1. I diritti umani e la loro tutela
Per diritti umani si intendono comunemente i diritti fondamentali e inalienabili (cioè che non possono essere revocati o sospesi) che ogni persona possiede in quanto essere
umano, e quindi indipendentemente dal fatto di essere cittadino di un particolare Stato o da attributi come il sesso, la razza, la religione, le opinioni politiche, l’orientamento sessuale. I diritti umani in genere vengono divisi in due categorie: diritti civili e politici da una parte, diritti economici, sociali e culturali dall’altra. Nella prima categoria rientrano il diritto alla vita, alla libertà e alla sicurezza, il diritto a non essere sottoposti a schiavitù e tortura, il diritto di avere un trattamento equo di fronte alla legge e subire un giusto processo, il diritto di esprimere liberamente il proprio pensiero e la propria opinione, il diritto di professare liberamente la propria religione (libertà di culto). Nella seconda categoria rientrano invece il diritto al lavoro e alla sua giusta retribuzione, il diritto di possedere un tenore di vita sufficiente a garantire la salute e il benessere propri e della propria famiglia, il diritto all’istruzione. I diritti umani sono caratterizzati dall’universalità (sono cioè applicabili ovunque e in qualunque occasione) e dall’uguaglianza (sono gli stessi per tutti).

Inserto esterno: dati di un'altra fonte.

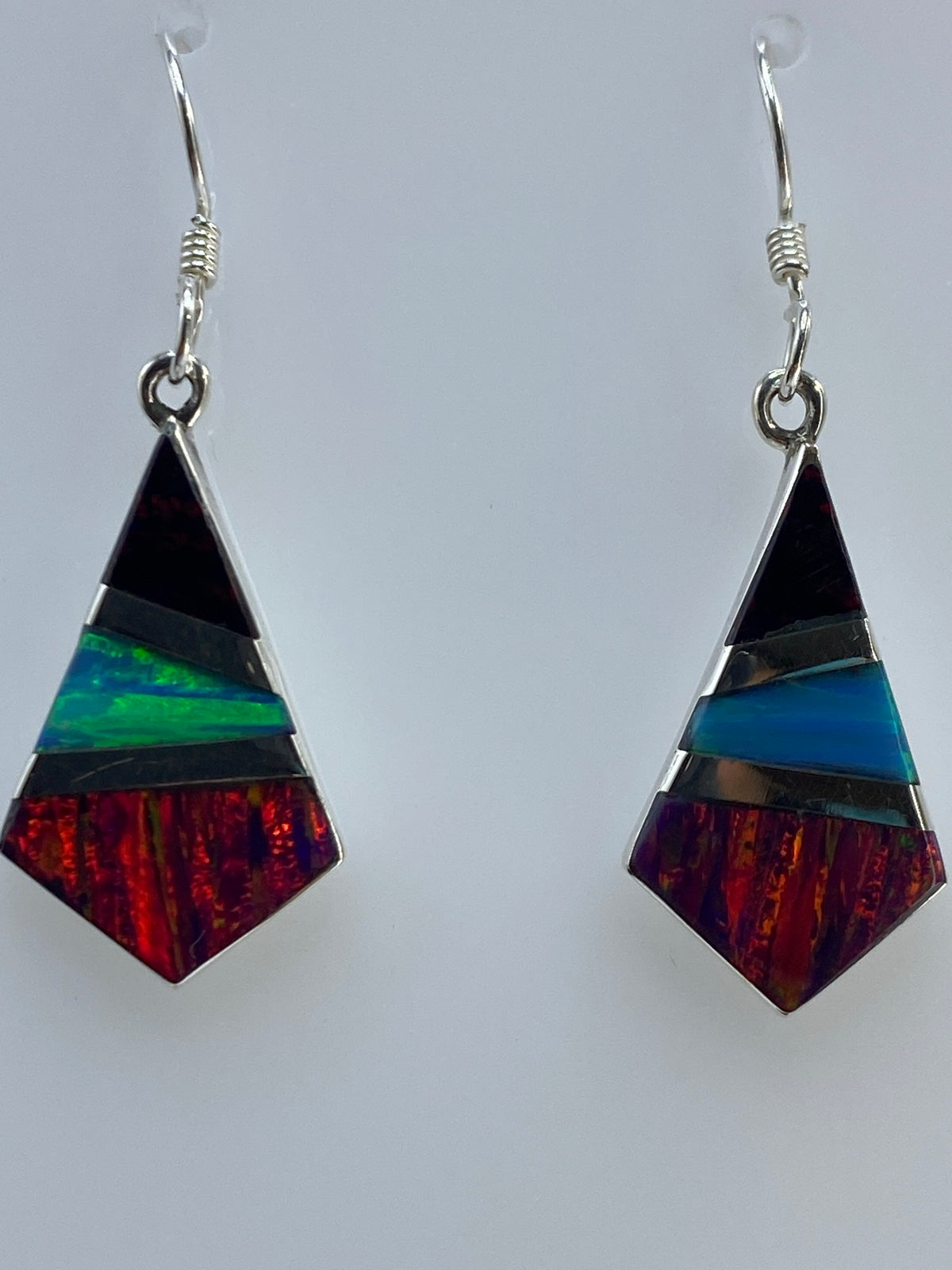 Aretes colgando mostrando los tonos rojo, azul, verde y amarillo del ópalo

Nel 1948 l’Onu ha promulgato la Dichiarazione universale dei diritti dell’uomo (▶ Passato&presente), uno dei primi tentativi di far riconoscere i diritti umani a livello internazionale.
Nel 1966 sono state firmate, sempre in seno all’Onu, la Convenzione internazionale
sui diritti civili e politici e la Convenzione internazionale sui diritti economici,
sociali e culturali, che sono diventate ufficialmente parte del diritto internazionale nel 1976, essendo state ratificate da un numero di Paesi sufficiente a farle adottare a livello internazionale. Da allora l’Onu ha il potere di condannare le violazioni dei diritti
umani che avvengono nei vari Paesi del mondo e, nei casi più gravi, di intervenire con strumenti come le sanzioni internazionali e l’invio di osservatori, oppure di contingenti militari, secondo il principio della cosiddetta ingerenza umanitaria.